So, the sand layer shouldn't be there. And 1 inch of rigid foam isn't enough under a heated slab, even in California. You need at least 2 inches -- more would be better -- of rigid foam under your slab.
If they insist on 6 mil poly under the foam, there's no real down side to also putting poly above the foam.
There are several issues with the detail I don't like, not the least of which is the lack of thermal break between the slab and the grade beam foundation. Not only does there need to be more than an inch of foam (2" EPS would be the minimum for a heated slab, 3" better).

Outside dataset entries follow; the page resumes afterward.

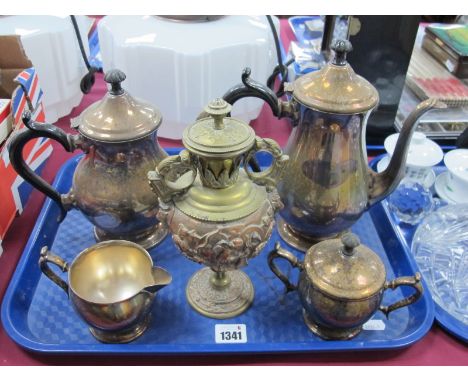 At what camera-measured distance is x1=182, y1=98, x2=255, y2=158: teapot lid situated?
688mm

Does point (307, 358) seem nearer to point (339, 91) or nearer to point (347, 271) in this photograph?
point (347, 271)

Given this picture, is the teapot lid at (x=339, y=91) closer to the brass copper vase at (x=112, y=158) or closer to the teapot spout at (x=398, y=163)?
the teapot spout at (x=398, y=163)

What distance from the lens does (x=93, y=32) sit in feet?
6.20

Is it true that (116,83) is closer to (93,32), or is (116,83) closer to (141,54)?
(141,54)

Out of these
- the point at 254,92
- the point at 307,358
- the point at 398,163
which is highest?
the point at 254,92

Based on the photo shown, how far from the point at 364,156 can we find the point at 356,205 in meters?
0.10

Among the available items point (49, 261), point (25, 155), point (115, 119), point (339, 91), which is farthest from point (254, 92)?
point (25, 155)

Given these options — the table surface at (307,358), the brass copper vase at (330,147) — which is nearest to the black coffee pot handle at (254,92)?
the brass copper vase at (330,147)

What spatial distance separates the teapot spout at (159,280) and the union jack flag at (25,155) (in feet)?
1.42

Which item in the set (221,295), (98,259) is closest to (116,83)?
(98,259)

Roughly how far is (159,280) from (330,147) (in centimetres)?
42

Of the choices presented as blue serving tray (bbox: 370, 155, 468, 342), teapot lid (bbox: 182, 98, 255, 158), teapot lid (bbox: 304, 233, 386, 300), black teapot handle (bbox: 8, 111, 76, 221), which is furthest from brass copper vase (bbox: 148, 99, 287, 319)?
blue serving tray (bbox: 370, 155, 468, 342)

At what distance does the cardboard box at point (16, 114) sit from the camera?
1.05 m

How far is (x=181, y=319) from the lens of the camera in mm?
902
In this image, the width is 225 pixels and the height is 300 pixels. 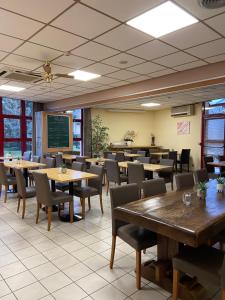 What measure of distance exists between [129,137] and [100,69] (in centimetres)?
653

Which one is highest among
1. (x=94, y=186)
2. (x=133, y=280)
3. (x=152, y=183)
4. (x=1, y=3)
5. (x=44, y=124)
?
(x=1, y=3)

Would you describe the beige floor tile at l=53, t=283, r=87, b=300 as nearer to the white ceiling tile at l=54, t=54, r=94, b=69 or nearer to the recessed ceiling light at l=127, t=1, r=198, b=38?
the recessed ceiling light at l=127, t=1, r=198, b=38

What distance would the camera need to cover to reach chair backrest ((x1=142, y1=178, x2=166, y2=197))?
2871 millimetres

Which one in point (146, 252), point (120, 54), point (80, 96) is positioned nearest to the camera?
point (146, 252)

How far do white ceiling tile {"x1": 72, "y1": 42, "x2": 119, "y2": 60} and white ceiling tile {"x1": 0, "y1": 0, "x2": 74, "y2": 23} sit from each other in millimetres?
822

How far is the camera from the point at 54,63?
13.2 ft

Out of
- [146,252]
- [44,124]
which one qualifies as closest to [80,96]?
[44,124]

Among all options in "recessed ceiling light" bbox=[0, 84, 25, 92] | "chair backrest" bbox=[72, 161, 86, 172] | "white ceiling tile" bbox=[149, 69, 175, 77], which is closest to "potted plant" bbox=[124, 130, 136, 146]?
"recessed ceiling light" bbox=[0, 84, 25, 92]

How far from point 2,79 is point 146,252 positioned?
4.51m

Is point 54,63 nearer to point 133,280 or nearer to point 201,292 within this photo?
point 133,280

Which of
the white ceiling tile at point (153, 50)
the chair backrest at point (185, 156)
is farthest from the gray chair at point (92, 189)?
the chair backrest at point (185, 156)

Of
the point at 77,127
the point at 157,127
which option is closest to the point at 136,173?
the point at 77,127

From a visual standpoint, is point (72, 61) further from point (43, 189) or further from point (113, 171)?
point (113, 171)

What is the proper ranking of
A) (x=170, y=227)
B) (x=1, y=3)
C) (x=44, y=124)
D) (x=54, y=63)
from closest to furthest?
1. (x=170, y=227)
2. (x=1, y=3)
3. (x=54, y=63)
4. (x=44, y=124) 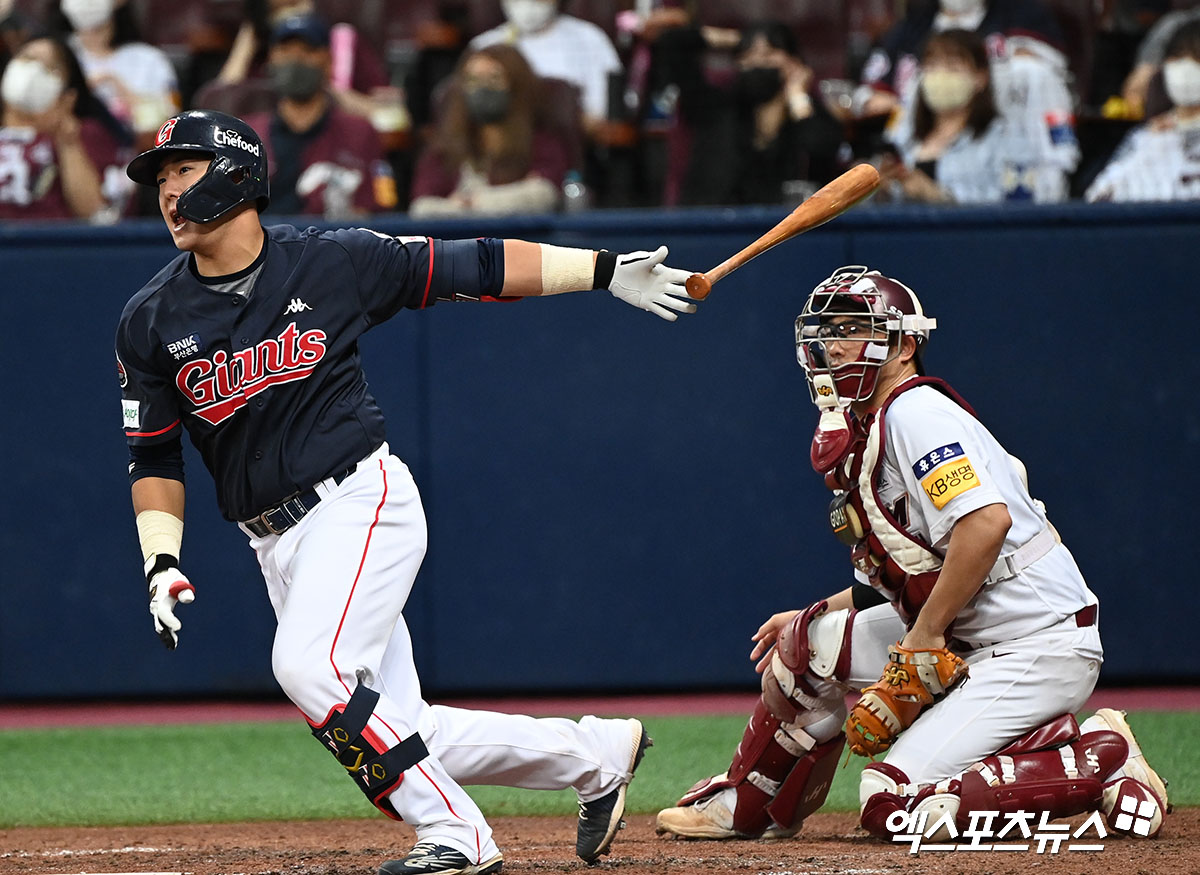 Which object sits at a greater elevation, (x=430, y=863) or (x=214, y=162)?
(x=214, y=162)

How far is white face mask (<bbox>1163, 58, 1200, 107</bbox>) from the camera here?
6.50 meters

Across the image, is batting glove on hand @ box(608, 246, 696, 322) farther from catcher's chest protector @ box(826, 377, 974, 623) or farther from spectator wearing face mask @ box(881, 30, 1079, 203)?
spectator wearing face mask @ box(881, 30, 1079, 203)

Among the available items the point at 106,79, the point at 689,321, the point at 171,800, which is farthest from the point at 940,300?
the point at 106,79

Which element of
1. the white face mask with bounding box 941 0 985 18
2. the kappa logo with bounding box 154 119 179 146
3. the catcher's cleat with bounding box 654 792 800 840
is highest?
the white face mask with bounding box 941 0 985 18

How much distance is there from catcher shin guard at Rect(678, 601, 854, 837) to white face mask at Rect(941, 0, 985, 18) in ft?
13.6

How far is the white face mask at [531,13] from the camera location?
25.3 feet

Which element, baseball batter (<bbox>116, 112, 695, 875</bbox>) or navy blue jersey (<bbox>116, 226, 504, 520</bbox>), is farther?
navy blue jersey (<bbox>116, 226, 504, 520</bbox>)

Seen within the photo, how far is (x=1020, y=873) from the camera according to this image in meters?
3.32

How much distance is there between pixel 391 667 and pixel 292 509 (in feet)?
1.35

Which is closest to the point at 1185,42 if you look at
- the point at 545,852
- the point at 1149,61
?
the point at 1149,61

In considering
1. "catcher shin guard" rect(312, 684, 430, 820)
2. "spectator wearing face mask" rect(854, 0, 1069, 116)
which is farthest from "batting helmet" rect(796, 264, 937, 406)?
"spectator wearing face mask" rect(854, 0, 1069, 116)

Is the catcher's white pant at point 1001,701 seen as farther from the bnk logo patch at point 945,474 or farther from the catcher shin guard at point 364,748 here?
the catcher shin guard at point 364,748

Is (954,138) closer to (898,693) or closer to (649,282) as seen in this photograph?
(649,282)

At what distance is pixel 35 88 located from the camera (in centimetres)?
720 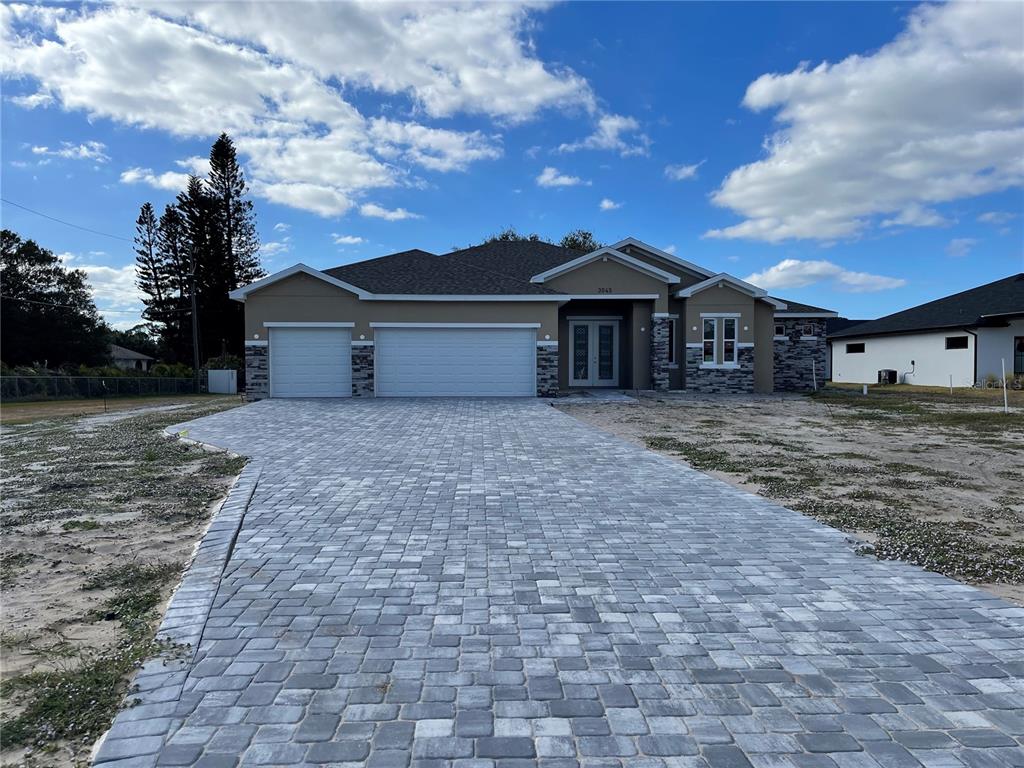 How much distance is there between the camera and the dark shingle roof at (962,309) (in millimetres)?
25203

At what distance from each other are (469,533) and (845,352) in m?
37.3

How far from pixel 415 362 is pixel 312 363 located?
3223mm

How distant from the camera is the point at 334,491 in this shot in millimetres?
6309

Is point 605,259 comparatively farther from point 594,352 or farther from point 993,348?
point 993,348

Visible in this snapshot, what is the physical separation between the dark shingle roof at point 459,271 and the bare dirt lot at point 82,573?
1038 cm

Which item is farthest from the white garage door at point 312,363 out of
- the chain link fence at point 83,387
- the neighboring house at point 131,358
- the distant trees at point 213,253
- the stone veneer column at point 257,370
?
the neighboring house at point 131,358

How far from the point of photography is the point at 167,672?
9.10 ft

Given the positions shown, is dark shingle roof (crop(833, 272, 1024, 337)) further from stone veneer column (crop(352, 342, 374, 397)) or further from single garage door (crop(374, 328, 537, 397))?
stone veneer column (crop(352, 342, 374, 397))

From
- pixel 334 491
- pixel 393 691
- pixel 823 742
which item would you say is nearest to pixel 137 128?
pixel 334 491

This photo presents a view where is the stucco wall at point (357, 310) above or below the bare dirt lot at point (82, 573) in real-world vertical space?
above

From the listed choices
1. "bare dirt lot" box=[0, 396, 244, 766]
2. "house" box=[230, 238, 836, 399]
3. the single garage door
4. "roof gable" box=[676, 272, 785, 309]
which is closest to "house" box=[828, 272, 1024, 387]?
"house" box=[230, 238, 836, 399]

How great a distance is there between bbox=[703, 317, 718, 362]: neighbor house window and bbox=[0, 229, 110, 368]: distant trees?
41.7 meters

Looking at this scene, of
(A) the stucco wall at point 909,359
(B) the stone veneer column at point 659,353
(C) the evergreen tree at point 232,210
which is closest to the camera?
(B) the stone veneer column at point 659,353

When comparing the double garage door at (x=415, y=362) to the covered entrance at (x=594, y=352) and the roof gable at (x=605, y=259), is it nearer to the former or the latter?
the roof gable at (x=605, y=259) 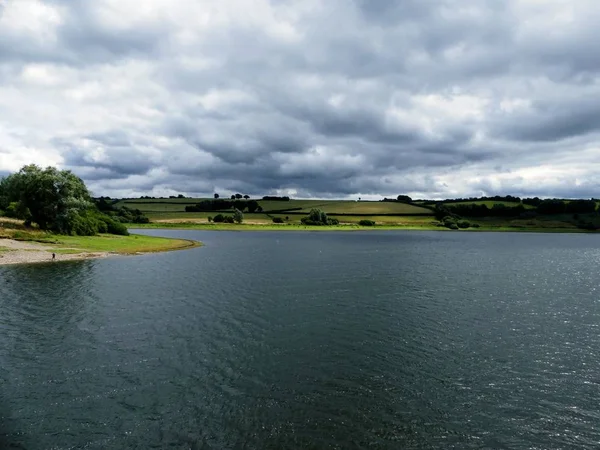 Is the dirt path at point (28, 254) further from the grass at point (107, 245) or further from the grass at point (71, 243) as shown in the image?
the grass at point (107, 245)

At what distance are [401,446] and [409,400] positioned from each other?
468cm

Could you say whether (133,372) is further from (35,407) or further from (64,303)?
(64,303)

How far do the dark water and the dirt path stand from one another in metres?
21.0

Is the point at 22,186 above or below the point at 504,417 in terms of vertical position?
above

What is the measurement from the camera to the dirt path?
237 ft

Even with an unheated slab you'd want 1" at the slab edge for comfort, and maybe 1" sub-slab on the perimeter, but for a heated slab you'd want 2" (R8.4) under the slab, and at least 1.5" (R6.3) between the slab and the grade beam.
That "floats" the slab mechanically as well as thermally, which probably makes it safer from a seismic /structural point of view, but consulting local codes on that would be prudent. If the beam & slab must be in contact for some reason, 1.5" of EPS on the exterior would be called for.
Thank you for the feedback. I will be looping back with the contractor and the architect to get at least to the 2" rigid insulation. Could I sacrifice the sand in that case, since I would prefer to not have to sacrifice ceiling height?
However, in regards to decoupling the new slab from the existing foundation wall, I think that will be difficult as the engineer has called for - what appears to me to be, - some strong connection:
There is the detail on how to connect to the existing foundation wall on one side.
There is the detail on how to connect to the new stem wall on the backside of the area, which separates the new space from an upward sloping crawlspace that is covered with the old slab.
There is the detail on how to connect to the new foundation wall fill-in where previously a door had been.
I did read somewhere that in my climate, decoupling the slab from the side foundation walls, while helpful, is not as critical as in colder climates. Is that correct?
And in regards to 2" insulation and install pex tubing with the slab, given the above, I am now considering the Creatherm T45 or S20. Any thoughts or comments on those? Are there other, similar products that would be less expensive?
Decoupling the slab from an uninsulated foundation wall isn't as critical in your very temperate US zone 3C climate if it's just a slab, and slab edge is not required in zone 3 by the IRC.
But when the slab becomes the HEATING RADIATOR it sure matters! If it were a cast-iron radiator it's the thermal equivalent of exposing the ends of the radiators to the outdoors.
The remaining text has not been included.